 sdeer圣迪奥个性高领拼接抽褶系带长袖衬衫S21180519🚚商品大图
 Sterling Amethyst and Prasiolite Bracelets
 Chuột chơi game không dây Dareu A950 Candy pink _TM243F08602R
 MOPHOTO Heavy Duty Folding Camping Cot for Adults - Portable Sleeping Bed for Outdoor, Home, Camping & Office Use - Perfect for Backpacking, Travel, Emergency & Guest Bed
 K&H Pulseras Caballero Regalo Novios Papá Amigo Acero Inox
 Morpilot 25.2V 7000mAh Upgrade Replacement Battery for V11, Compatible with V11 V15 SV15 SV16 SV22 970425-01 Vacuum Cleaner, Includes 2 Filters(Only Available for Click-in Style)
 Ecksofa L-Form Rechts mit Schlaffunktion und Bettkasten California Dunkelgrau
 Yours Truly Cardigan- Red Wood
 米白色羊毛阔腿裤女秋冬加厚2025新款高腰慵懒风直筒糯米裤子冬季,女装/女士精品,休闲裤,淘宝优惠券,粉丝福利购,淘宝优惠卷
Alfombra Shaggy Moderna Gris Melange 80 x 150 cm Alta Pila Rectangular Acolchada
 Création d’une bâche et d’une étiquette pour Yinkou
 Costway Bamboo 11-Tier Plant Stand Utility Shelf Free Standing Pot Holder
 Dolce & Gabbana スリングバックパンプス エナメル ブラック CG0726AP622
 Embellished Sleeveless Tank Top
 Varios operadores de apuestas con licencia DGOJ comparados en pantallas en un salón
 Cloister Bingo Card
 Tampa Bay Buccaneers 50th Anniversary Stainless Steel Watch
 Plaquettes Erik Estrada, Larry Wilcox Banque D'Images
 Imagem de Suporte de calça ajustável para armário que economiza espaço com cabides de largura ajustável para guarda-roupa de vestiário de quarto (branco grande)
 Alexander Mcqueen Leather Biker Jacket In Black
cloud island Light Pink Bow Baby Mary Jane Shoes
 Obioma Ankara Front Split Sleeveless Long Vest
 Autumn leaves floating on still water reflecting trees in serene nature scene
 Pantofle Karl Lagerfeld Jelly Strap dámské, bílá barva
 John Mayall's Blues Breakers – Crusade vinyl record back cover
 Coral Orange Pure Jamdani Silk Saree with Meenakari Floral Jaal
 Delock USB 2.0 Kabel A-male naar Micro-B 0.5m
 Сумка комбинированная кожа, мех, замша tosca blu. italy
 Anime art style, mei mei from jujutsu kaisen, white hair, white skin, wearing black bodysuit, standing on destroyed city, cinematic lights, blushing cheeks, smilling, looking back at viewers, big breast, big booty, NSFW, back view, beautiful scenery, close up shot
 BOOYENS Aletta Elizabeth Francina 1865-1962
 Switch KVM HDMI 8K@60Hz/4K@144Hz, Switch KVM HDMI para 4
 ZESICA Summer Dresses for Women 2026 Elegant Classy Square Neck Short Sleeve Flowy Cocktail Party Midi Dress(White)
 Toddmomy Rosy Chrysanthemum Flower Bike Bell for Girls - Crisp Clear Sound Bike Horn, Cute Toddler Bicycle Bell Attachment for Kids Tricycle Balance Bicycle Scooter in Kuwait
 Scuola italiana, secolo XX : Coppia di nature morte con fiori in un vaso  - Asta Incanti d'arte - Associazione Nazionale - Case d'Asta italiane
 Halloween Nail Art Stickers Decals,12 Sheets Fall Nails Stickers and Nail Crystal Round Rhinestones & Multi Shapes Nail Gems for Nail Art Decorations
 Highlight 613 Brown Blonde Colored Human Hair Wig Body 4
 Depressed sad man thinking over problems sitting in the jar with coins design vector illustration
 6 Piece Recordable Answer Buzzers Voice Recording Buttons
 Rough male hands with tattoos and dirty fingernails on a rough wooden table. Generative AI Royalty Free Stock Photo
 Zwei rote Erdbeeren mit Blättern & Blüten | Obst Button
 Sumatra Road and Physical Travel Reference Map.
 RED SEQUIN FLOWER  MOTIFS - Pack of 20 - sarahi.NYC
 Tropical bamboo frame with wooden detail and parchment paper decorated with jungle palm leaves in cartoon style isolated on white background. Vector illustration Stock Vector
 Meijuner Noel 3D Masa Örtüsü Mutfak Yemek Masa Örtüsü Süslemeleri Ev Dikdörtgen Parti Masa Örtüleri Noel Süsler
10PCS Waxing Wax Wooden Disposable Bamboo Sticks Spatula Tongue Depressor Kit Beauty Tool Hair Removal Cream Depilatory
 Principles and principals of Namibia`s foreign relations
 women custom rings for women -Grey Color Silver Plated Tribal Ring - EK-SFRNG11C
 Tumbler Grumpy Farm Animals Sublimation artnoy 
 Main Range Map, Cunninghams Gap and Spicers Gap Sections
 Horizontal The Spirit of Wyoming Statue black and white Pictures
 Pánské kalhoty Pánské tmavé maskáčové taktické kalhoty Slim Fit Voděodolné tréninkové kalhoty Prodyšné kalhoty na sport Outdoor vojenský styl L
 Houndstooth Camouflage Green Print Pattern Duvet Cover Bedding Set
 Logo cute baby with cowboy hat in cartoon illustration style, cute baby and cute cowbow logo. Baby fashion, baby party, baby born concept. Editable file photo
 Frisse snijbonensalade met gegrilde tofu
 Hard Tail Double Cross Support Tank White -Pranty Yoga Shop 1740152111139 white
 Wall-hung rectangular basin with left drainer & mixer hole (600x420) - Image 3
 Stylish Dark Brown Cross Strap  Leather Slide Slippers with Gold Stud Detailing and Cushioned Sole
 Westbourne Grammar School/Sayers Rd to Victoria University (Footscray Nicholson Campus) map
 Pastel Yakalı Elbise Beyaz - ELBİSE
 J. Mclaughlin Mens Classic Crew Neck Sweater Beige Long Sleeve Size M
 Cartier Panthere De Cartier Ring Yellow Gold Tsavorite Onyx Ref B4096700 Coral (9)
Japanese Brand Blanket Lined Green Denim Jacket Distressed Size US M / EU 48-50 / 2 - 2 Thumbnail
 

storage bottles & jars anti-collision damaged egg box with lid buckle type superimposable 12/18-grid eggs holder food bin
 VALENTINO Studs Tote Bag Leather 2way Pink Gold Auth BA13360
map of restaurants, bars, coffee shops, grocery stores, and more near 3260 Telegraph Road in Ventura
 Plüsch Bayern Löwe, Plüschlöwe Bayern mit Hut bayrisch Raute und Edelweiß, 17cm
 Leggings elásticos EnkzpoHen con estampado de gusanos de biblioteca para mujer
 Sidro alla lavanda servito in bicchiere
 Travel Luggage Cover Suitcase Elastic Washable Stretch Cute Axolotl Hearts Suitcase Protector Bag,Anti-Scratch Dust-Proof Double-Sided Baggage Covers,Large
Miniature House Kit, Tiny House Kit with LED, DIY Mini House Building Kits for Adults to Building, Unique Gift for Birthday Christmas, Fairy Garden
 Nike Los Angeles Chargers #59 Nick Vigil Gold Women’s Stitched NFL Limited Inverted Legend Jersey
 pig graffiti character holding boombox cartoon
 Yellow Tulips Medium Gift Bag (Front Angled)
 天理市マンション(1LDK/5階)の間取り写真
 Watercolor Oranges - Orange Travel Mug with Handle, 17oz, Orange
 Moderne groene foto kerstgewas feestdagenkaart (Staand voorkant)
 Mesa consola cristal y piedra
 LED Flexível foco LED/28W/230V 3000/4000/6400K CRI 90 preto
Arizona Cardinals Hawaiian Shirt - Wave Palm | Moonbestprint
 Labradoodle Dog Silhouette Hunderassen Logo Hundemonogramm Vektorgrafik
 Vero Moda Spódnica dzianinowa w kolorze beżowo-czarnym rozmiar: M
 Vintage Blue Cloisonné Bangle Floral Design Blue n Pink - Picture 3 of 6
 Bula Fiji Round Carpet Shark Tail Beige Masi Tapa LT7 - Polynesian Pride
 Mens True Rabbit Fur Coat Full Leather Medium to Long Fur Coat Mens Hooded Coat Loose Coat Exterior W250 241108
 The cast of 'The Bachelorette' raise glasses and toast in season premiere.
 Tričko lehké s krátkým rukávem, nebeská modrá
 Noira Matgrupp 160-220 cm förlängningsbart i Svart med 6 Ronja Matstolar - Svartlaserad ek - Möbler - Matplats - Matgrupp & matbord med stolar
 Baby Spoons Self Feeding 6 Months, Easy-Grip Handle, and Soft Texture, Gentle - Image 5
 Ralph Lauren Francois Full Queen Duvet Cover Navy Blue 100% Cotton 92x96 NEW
#####
** YOUR GOAL **
In the material above, locate the line containing "Tampa Bay Buccaneers" and the line containing "Toddmomy Rosy Chrysanthemum". Transcribe exactly those two lines and every line between them, and nothing more.

** WRITTEN ANSWER **
 Tampa Bay Buccaneers 50th Anniversary Stainless Steel Watch
 Plaquettes Erik Estrada, Larry Wilcox Banque D'Images
 Imagem de Suporte de calça ajustável para armário que economiza espaço com cabides de largura ajustável para guarda-roupa de vestiário de quarto (branco grande)
 Alexander Mcqueen Leather Biker Jacket In Black
cloud island Light Pink Bow Baby Mary Jane Shoes
 Obioma Ankara Front Split Sleeveless Long Vest
 Autumn leaves floating on still water reflecting trees in serene nature scene
 Pantofle Karl Lagerfeld Jelly Strap dámské, bílá barva
 John Mayall's Blues Breakers – Crusade vinyl record back cover
 Coral Orange Pure Jamdani Silk Saree with Meenakari Floral Jaal
 Delock USB 2.0 Kabel A-male naar Micro-B 0.5m
 Сумка комбинированная кожа, мех, замша tosca blu. italy
 Anime art style, mei mei from jujutsu kaisen, white hair, white skin, wearing black bodysuit, standing on destroyed city, cinematic lights, blushing cheeks, smilling, looking back at viewers, big breast, big booty, NSFW, back view, beautiful scenery, close up shot
 BOOYENS Aletta Elizabeth Francina 1865-1962
 Switch KVM HDMI 8K@60Hz/4K@144Hz, Switch KVM HDMI para 4
 ZESICA Summer Dresses for Women 2026 Elegant Classy Square Neck Short Sleeve Flowy Cocktail Party Midi Dress(White)
 Toddmomy Rosy Chrysanthemum Flower Bike Bell for Girls - Crisp Clear Sound Bike Horn, Cute Toddler Bicycle Bell Attachment for Kids Tricycle Balance Bicycle Scooter in Kuwait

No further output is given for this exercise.